Richard shook his head. "Be your age. Where would I sell the Game that wiped out Lore Master Chester Henderson?"

"I'm too tired to giggle. You were going easy on us, hey, Lopez?"

"Oh... my youthful enthusiasm sometimes leads me to excesses. Mitsuko had to keep reminding me of the money we'd lose if I played too rough. Terrible woman. Always business be­fore pleasure." He and his wife exchanged a quick kiss.

Chester saw Alex, and extended a hand. "Hey, Griffin. Good Game, man. You're not half bad."

A ghost spoke behind him, and Alex jumped. "What happens to McWhirter, Griffin?" Gina! But she's dead.

"It's out of my hands," he said, glad that it was true. He kept moving; he didn't want to talk about it.

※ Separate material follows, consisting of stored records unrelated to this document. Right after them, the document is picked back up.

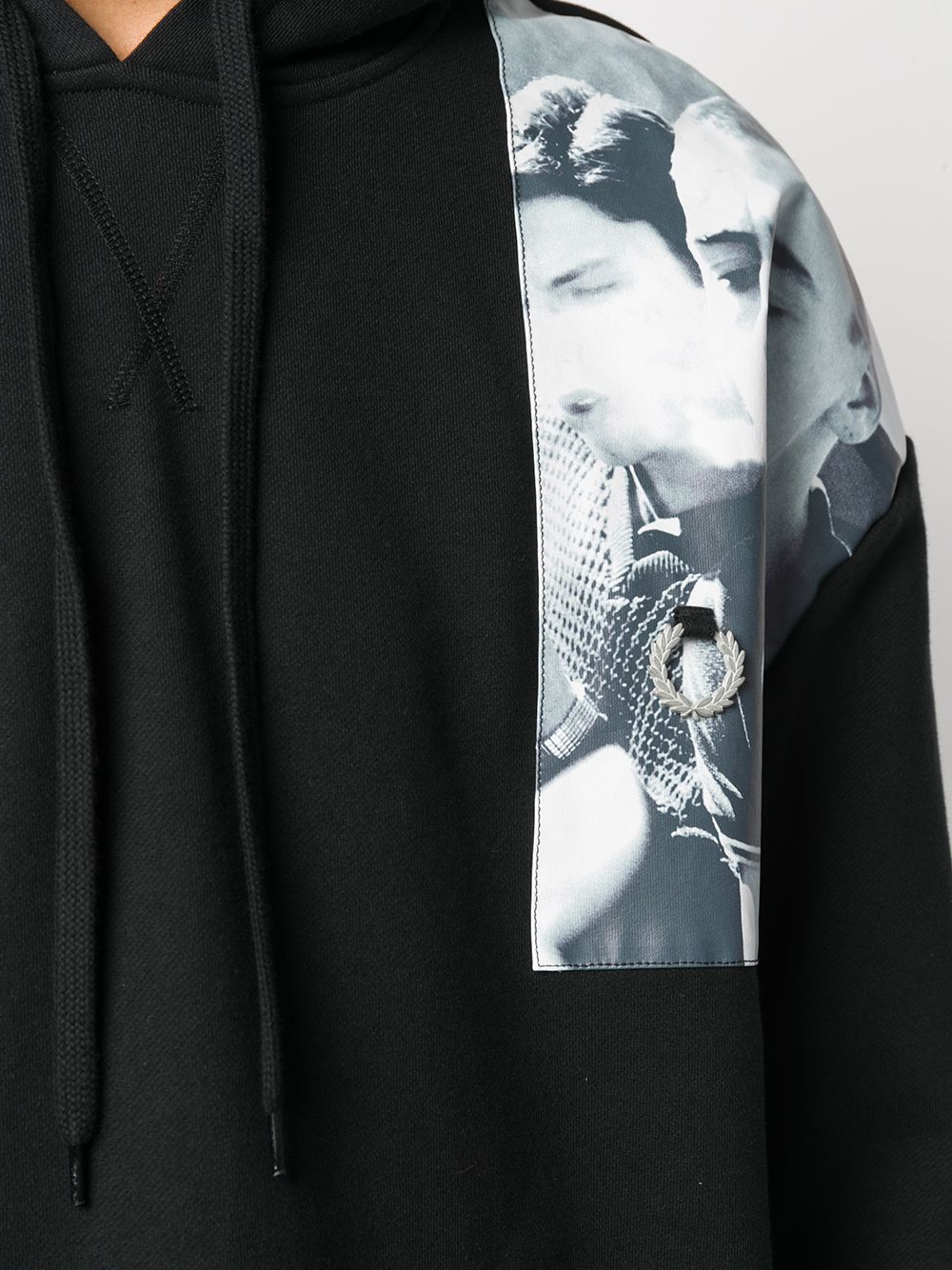 фото Raf simons x fred perry photo shoulder print hoodie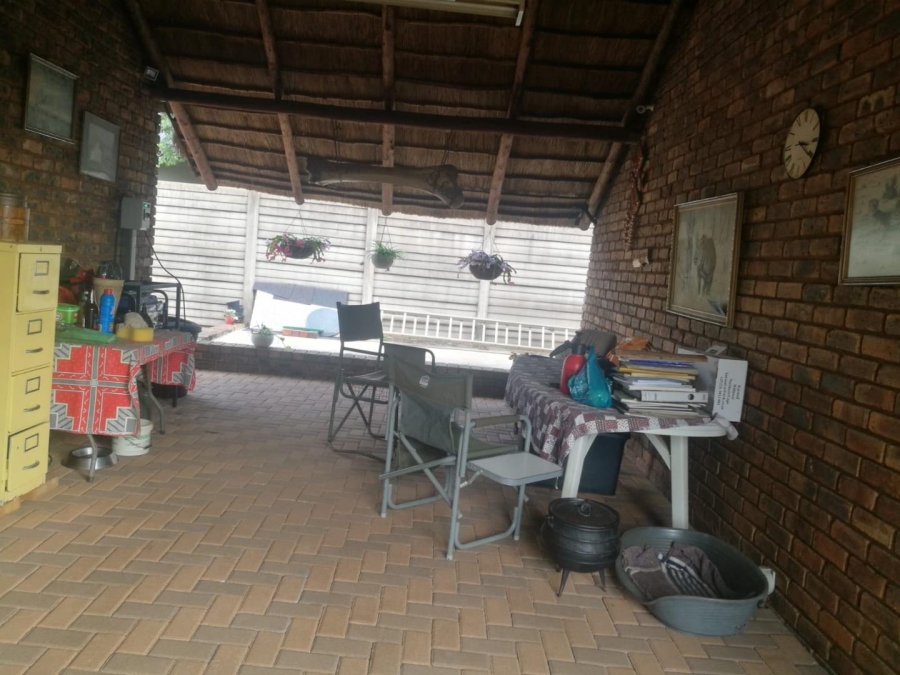 4 Bedroom Property for Sale in Theresa Park Gauteng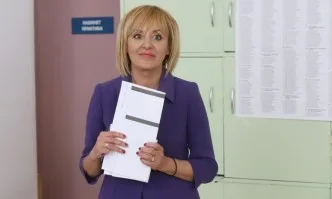 Едновременно: Манолова и другите кандидати на БСП жалят загубата в София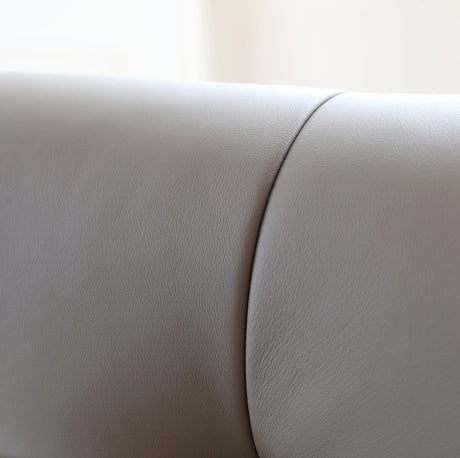 MOYU Amaryllis Creamy Stylish Retro Luxury Leather Bed from MOYU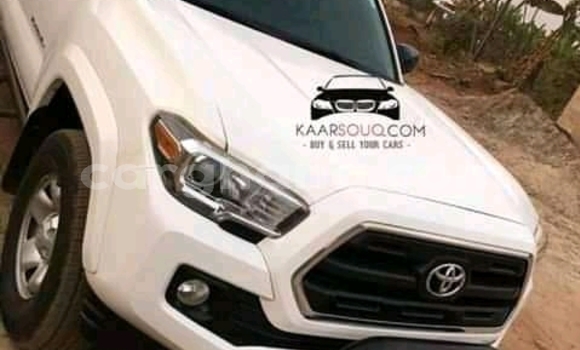 Buy Used Toyota Tacoma White Car in Accra in Greater Accra Buy Used Toyota Tacoma White Car in Accra in Greater Accra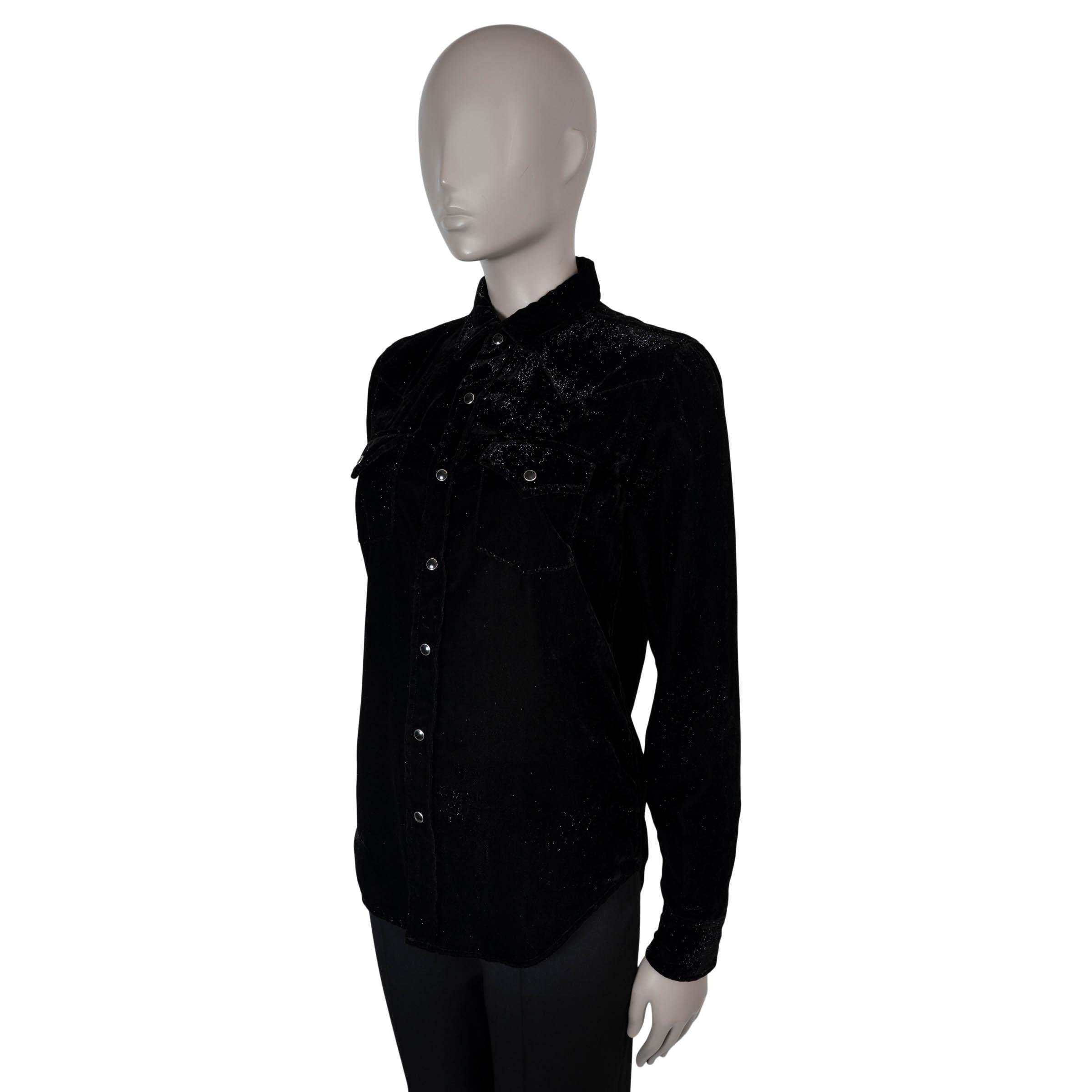 Dieses 100% authentische Saint Laurent Hemd ist aus schwarzem Glitzersamt aus Viskose (76%) und Polyester (24%) gefertigt. Er hat einen spitzen Kragen, eine Westernpasse, zwei Brusttaschen mit Klappe und Knopfverschluss sowie lange Ärmel mit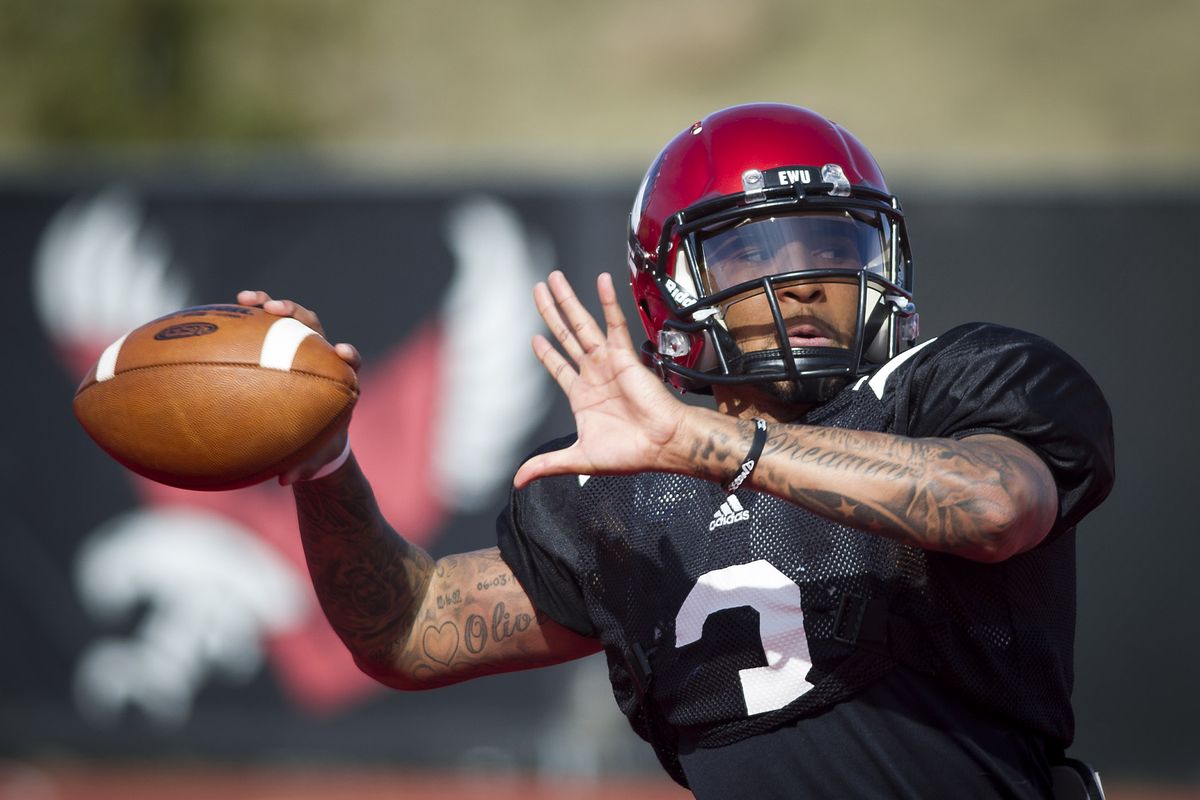 Two are trying to be backup QB to Vernon Adams. (Colin Mulvany)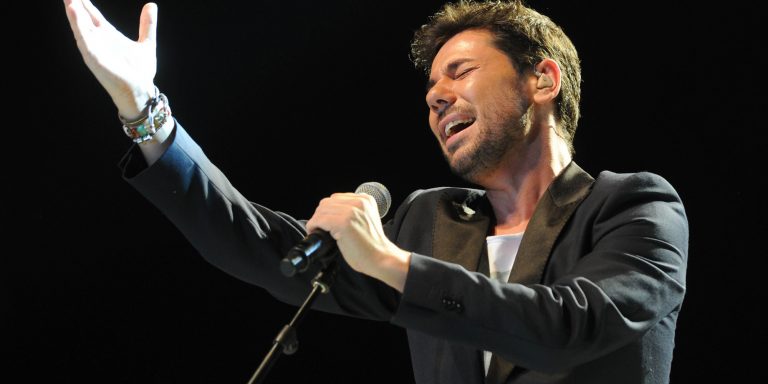 Miguel Poveda se sube al tablao del teatro Egaleo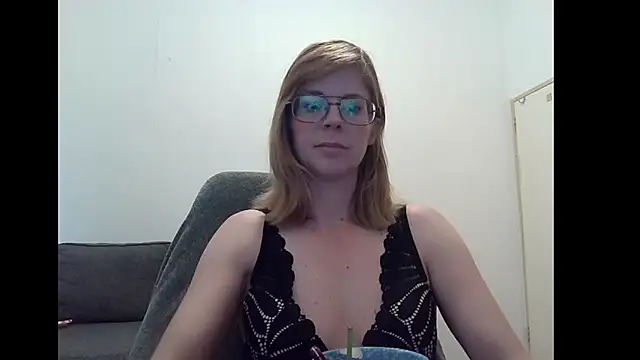 Snapshot of SavannaGirly chatting on 10.18.25 SavannaGirly online show from 10.18.25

Mary-em, dressed in light green slacks and blouse and looking quite undrowned, was another sight he found startling. She was deep into reminescence with Owen and Margie and a stranger, a boy in a wheelchair, when she spied Alex pressing through the crowd. "Griffy!" she bawled. From some reserve of human strength she found the energy for what amounted to a flying tackle, setting him back on his heels.

"I was afraid that you wouldn't make it."

Overcome with an absurdly strong wave of emotion for the chunky little woman, Griffin hugged her back fiercely. She stepped back and set her fists on her hips, measuring him. "I may be off my mark, but I think you're gonna be one helluva Gamer."